Former Trump National Security Adviser H.R. McMaster thinks President Trump fumbled during his off-the-rails debate against Democratic presidential nominee Joe Biden by refusing to condemn white supremacists.
When asked by moderator Chris Wallace during the first presidential debate on Tuesday night whether he condemns white supremacy, Trump instead pivoted to directing the far-right hate group known as the “Proud Boys” to “stand back and stand by.” Following widespread backlash over his incendiary remark, the President attempted to walk back his remarks the next day by nonsensically claiming that he doesn’t know who the Proud Boys are.
In an interview published in The Atlantic on Thursday, McMaster said it was not an adequate response.
“No leader should encourage any group that is based on a narrow identity that aims to supersede our identity as Americans,” McMaster said, adding that “centripetal forces in our society” have now “created by this interaction of identity politics with racism and bigotry.”
After arguing that the country needs “leaders who can bring us back together and generate confidence in our identity as Americans and as human beings,” without directly mentioning Trump, McMaster was then asked whether white supremacist groups pose a national security threat to the country and if the President should be more direct in condemning them.
McMaster agreed, before echoing Fox and Friends host Brian Kilmeade’s sports analogy that Trump missed an easy opportunity in the debate.
“To use a sports analogy, condemning white supremacists should be a layup for any leader,” McMaster said. “What we’re undervaluing these days is the importance of bringing Americans back together to reinforce our common identity.”
McMaster went on to say he’s unsure why Trump failed to seize his chance to denounce white supremacists during the debate, and called it a “missed opportunity.”

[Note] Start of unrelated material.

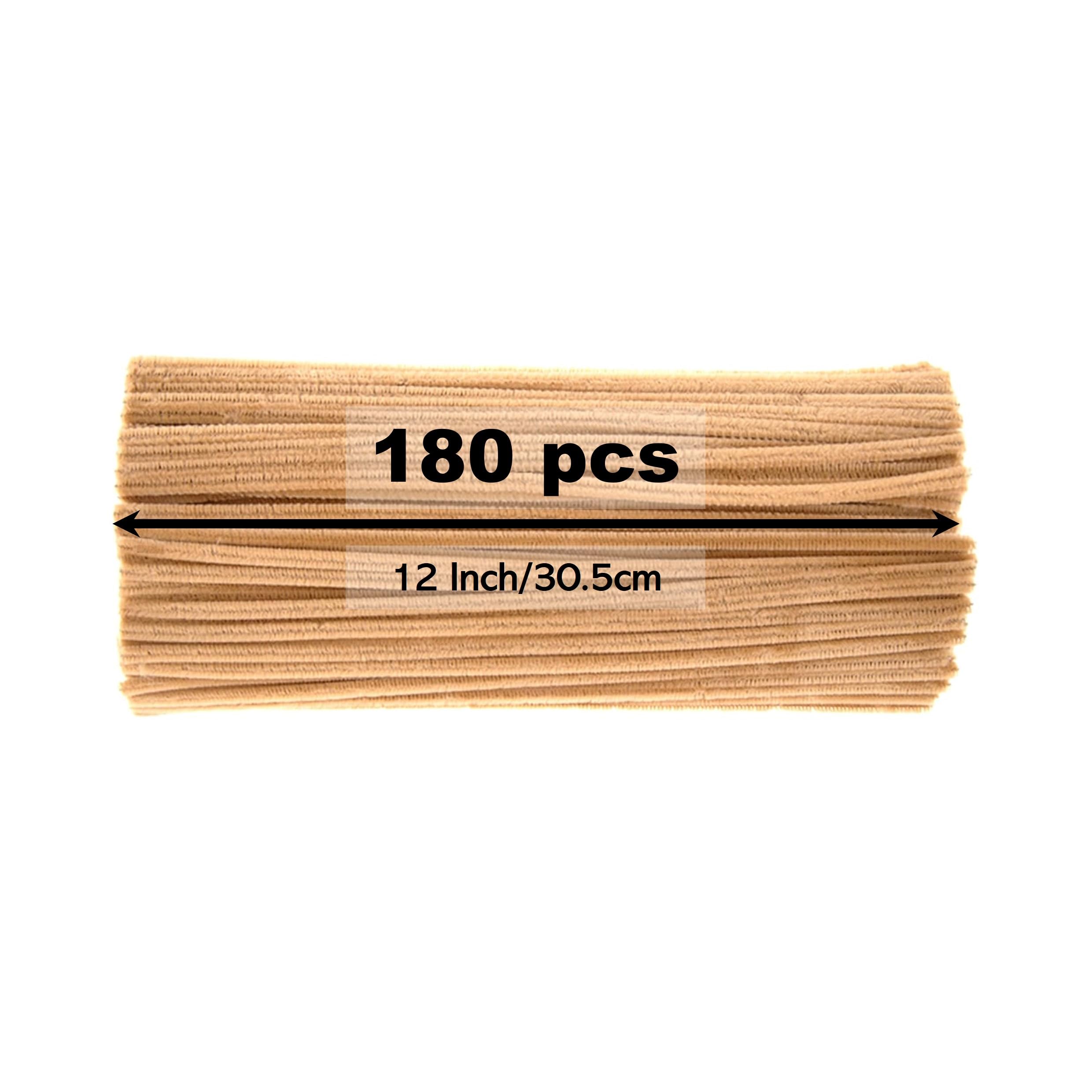 180 Pcs Standard Crafting Pipe Cleaners, Twistable Stems Children’s Bendable Sculpting Sticks, Chenille Stems for Creative DIY Art Craft Decoration School Projects (6 mm x 12 Inch) (Light Brown)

“It’s certainly a missed opportunity, but it also gives space to these groups that foment hatred and intolerance,” McMaster said. “And whenever you have a group at one end of the spectrum who define themselves in a particular way, you tend to get an equal and opposite reaction on the other end of the spectrum.”
Trump’s former national security adviser also slammed the President’s repeated interruptions throughout the debate as “a poor example of democracy internationally, but also within our own country.”